Лена повернулась, чтобы уйти, но Спартак загородил ей дорогу, прижал руки к сердцу.
— Лена, не сам… И — не чепуха… Там написано, знаешь…
Он замялся. Сейчас скажешь, а она к тёте Даше побежит. Лучше бы не связываться с этими девчонками. Разве угадаешь, что они могут выкинуть! Но выхода не было. И Спартак решился:
— Там написано про любовь.
Лицо сестры стало нежно-розовым. Спартак заметил, с каким любопытством взглянула она на его руку, сжимающую письмо.
И он заговорил быстро, вдохновенно:
— Это один… один пацан, то есть мальчик написал… Он отважный мореплаватель… Вот почитай, увидишь, как интересно. А завтра… В общем из письма узнаешь, что завтра… Бери, читай, только рубль дай… Мне очень нужно.
— На кино, да? Или на мороженое?
Спартак сморщился, как от боли. Оскорбительно было выслушивать такие слова.
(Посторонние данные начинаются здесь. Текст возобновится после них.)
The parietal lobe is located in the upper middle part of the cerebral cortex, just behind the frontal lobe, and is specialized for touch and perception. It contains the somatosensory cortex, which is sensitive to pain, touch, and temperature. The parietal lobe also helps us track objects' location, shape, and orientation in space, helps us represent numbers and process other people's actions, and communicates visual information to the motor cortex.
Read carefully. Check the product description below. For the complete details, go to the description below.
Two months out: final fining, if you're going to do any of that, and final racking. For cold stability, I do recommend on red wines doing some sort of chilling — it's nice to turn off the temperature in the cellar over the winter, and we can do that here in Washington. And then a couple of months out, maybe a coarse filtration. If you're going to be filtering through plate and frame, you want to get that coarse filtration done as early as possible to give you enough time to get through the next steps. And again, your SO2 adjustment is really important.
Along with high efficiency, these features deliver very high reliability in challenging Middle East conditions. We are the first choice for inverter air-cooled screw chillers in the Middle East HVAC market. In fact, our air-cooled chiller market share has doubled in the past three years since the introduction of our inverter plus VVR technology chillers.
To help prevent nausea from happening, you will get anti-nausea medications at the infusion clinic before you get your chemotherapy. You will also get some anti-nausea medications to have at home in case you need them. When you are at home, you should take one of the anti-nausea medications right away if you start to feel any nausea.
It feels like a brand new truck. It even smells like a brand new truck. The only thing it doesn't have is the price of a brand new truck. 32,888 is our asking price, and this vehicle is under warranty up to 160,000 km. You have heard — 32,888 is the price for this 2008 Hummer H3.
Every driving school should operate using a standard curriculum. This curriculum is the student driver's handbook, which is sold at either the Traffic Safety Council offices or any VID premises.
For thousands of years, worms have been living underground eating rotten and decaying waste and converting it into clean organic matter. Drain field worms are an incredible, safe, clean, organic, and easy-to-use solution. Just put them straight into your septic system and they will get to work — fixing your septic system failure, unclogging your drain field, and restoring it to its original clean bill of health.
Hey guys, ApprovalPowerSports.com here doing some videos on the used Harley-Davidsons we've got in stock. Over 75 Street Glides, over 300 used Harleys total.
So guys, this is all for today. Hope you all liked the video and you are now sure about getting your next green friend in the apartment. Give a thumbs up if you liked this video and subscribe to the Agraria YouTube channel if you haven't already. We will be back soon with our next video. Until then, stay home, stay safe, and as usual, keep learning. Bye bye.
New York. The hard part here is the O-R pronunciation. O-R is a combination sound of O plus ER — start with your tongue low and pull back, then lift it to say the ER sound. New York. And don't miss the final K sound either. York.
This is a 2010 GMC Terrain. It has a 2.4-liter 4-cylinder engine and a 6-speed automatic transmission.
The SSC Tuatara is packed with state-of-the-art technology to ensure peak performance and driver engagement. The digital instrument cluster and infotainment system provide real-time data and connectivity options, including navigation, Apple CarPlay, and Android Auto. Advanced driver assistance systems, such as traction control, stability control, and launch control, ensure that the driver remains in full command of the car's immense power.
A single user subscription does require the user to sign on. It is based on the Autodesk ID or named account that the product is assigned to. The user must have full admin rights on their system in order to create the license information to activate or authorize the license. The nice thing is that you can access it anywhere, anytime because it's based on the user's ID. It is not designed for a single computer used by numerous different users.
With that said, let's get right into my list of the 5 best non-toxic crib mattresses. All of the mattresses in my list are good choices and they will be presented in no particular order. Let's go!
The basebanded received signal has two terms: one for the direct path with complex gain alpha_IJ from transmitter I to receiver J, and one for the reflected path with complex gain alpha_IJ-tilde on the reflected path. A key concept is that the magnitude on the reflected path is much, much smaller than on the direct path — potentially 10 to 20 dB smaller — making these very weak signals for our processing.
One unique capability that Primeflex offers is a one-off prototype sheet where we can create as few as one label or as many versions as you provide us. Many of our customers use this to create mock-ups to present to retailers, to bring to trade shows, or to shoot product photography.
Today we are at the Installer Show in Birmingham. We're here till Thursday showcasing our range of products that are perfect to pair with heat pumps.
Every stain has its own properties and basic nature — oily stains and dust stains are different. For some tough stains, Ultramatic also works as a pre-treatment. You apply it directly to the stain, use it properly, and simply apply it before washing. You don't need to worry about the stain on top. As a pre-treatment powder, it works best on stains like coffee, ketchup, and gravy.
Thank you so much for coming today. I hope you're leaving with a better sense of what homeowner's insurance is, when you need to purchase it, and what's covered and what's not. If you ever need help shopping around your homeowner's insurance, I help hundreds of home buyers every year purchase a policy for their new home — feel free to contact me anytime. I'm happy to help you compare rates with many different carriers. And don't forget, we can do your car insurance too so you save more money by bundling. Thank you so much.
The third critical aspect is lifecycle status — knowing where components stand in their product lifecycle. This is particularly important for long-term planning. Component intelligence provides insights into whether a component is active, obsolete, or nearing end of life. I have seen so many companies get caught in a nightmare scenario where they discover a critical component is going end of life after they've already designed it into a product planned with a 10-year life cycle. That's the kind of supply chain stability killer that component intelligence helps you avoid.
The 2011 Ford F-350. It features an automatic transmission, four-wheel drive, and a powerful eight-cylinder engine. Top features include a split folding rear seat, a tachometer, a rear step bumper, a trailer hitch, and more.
— Да что ты! Я бы тогда у папы попросил. Мне нужно для другого. Очень-очень важное дело. Уж тебе-то я бы обязательно сказал… Но сейчас никак не могу. Это великая тайна. А деньги-то… Господи! Рубль… Тьфу! Да когда мы найдём сокровища…
— Какие сокровища? — насторожилась Лена.
— Какие… Говорю, отдам рубль потом. Я же ведь в долг прошу, а не навовсе…
— У меня дома деньги.
Спартак понял, что сестра сдалась, и отдал письмо.
Обратно он мчался также во весь опор. Друзья дожидались его в кустах. Витька по-прежнему мечтательно смотрел в небо и вздыхал. Но Спартак не обратил на его вздохи ни малейшего внимания.
— Ура! — провозгласил он, размахивая рублём, словно знаменем.
— Достал?! — не пытаясь скрыть своего удивления и восторга, сказал Сёмка.
— Ещё бы, — снисходительно улыбнулся Спартак. — Капитан Бич Океана всё может.
Впрочем, он тут же решил, что времени для купания в лучах славы у него впереди ещё достаточно и перешёл на деловой тон:
— Значит, отплываем завтра. А сейчас — по домам. Собирайте вещи и тащите ко мне в сарай. Только чтобы всё в строгой тайне.
Спартак хлопнул Сёмку по плечу и продекламировал:
— Ты рад, старина Нерушимый Утёс! Ведь сбылась мечта — завтра отплываем в неведомые страны!
— Ясно, рад, Бич Океана, — сказал Сёмка прочувствованно, как и подобает бывалому морскому волку.
— А как же письмо? — послышался робкий Витькин голос.
Он уже не лежал и не смотрел мечтательно на небо. И даже перестал вздыхать. Его ужасно разобидело, что Спартак ни словом не обмолвился ни о Лене, ни о письме к ней и вообще вёл себя так, словно не Витька был героем сегодняшнего дня.
— Письмо я передал, — беспечно сказал Спартак.
— Она прочитала?
— Не знаю. Прочтёт, наверное. Завтра Сёмка поднесёт цветы, и можно отплывать. Всё будет, как у настоящих путешественников.
Витька обиделся. Но Спартак даже не заметил этого. Он потерял интерес к приключению с Витькиной любовью, потому что приключение-то было, собственно, закончено. Оно сыграло свою полезную роль. Чем же, спрашивается, Витька недоволен?